Мир для него перестал существовать; только пространство, занимаемое им, ощущал он, и это пространство могло стать для него либо спасительным земным пристанищем, либо он так и останется здесь, и никогда матери и сестрам не узнать, в какой яме, в какой именно части русской степи лежит их сын и брат.

Все, видимое Хайном и как-то отпечатывающееся в его мозгу, было нереальным, страшным видением, тонущим в грохоте стали и пламени взрывов. Пламя и грохот сливались в одно. Хайну казалось, что это началось не утром, а очень давно и он уже не тот шальной, веселый и" жуликоватый парень, а древний старик, у которого одеревенели все жилы и кровь холодна, как земля, на которой он лежал.

Иногда он машинально проводил негнувшимися пальцами по окаменевшему лицу, чтобы удостовериться этим жестом в способности двигать рукой и убедиться, что он продолжает жить среди дикого хоровода смертей.

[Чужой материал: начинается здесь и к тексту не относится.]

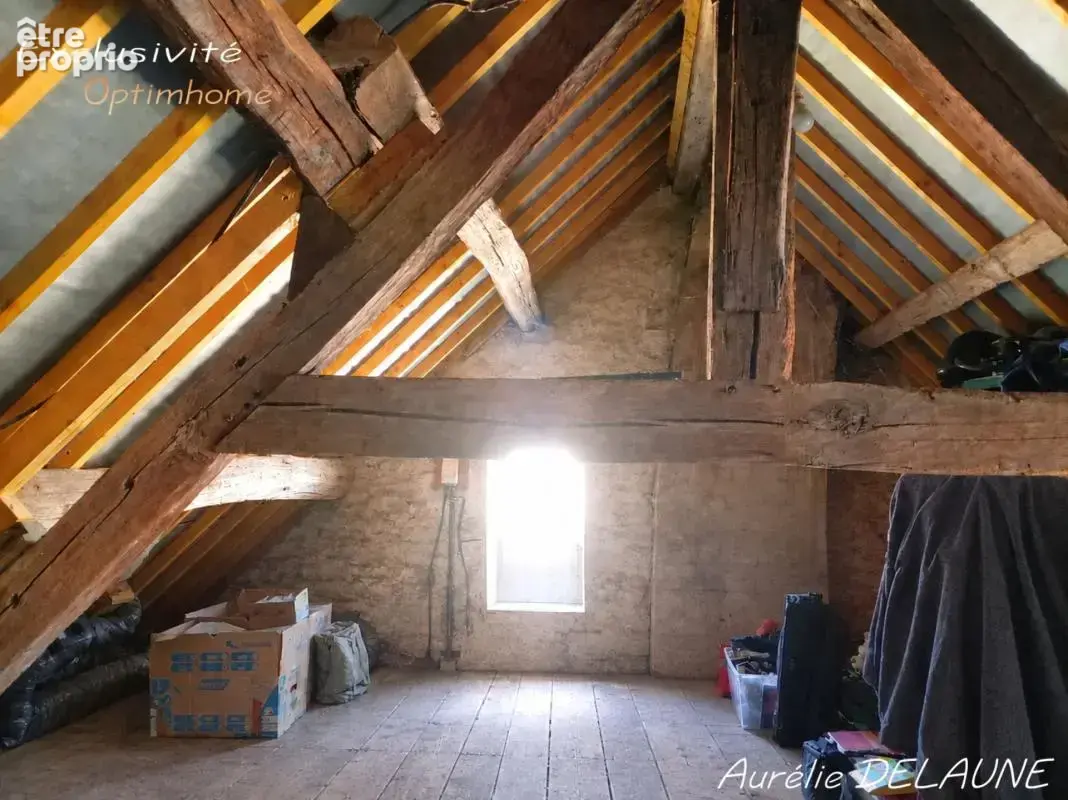 Maison de caractère 158,5 m² – 5 pièces - Jardin - Dependance - Garage - Cave - Limours (91) - 30min de Paris - photo 10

Мимо бежали и падали солдаты, торопливо проходили санитары с носилками. Кто-то из них тронул Хайна за плечо и приказал бежать, но Хайну было все равно, бежать или лежать: он ждал смерти.

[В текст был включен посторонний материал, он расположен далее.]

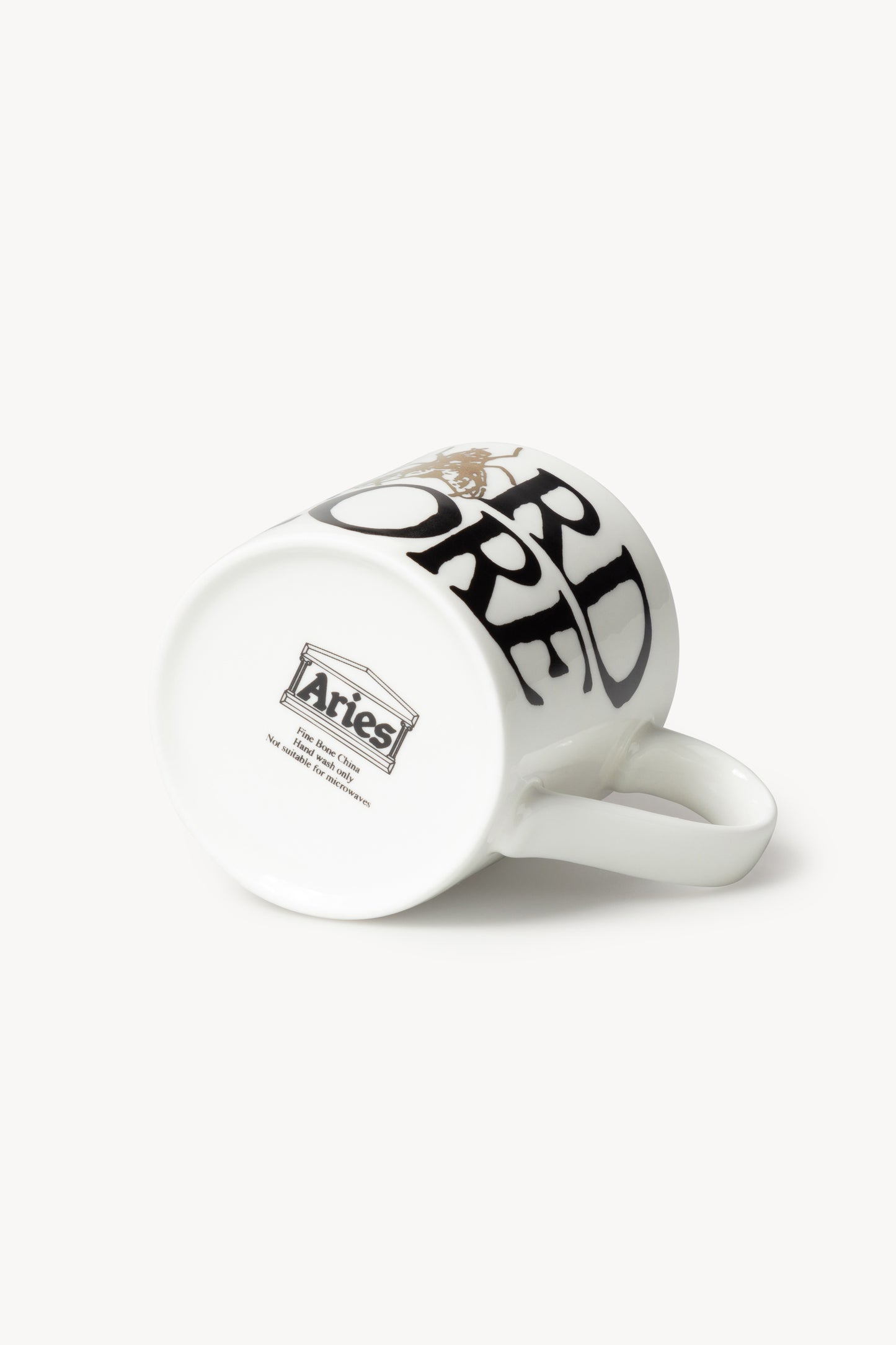 Hardcore Fly Mug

С лязганьем, изрыгая огонь из орудий и пулеметов, прошли русские танки, кроша гусеницами машины, повозки и орудия. Один танк переехал через лошадь и тем кончил ее страдания.

Хайн видел суровые лица русских танкистов; танки, покачиваясь на неровной поверхности степи, ныряли подобно лодке в неглубокие лощины и шли напролом, а навстречу им неслись люди с поднятыми руками — румыны, немцы, итальянцы, венгры…

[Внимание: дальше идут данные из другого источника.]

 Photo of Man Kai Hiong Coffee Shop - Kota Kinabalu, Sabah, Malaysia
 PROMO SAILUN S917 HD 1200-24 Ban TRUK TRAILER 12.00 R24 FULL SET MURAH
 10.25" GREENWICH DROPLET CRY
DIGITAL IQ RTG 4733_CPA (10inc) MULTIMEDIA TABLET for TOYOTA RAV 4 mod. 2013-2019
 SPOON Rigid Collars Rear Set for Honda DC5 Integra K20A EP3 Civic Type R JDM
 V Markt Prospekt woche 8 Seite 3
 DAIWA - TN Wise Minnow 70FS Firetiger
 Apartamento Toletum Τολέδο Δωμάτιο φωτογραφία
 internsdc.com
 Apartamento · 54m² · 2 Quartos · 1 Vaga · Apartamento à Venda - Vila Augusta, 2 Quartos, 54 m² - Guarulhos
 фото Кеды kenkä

Быть может, русские танкисты видели человеческие тела, выброшенные на откос ямы,, и чувство уважения перед павшими солдатами повелевало им обходить гору трупов — ни один из них не наехал на нее. Танки обтекали яму и Хайна, вжавшегося в землю.

Неизвестно, сколько часов он пролежал, не шевелясь, чувствуя, как коченеют руки и ноги и как желудок примерзает к ребрам. Стало тише, бой ушел куда-то дальше, а вдали все еще ревело и рвалось. Поднялся ветер, разнес дымовую завесу. Сероватое вечернее небо осветилось робко мерцающими звездами. Хайн пополз. Он полз, припадая к земле, сливаясь с ней, развороченной, горько пахнувшей, располосованной гусеницами танков, взрывами снарядов.

Как он добрался до траншей, куда отошли окруженные батальоны и взводы, он не мог рассказать Эберту ни в ту ночь, ни после.

…Впрочем, Эберту в тот день и в ту ночь было не до Хайна. Когда русские начали штурм, Эберта вызвали к командующему. Там был Шмидт. Он кричал на ухо генерал-полковнику — на ухо, потому что из-за рева канонады нормальный человеческий голос не был слышен даже здесь, в подвале.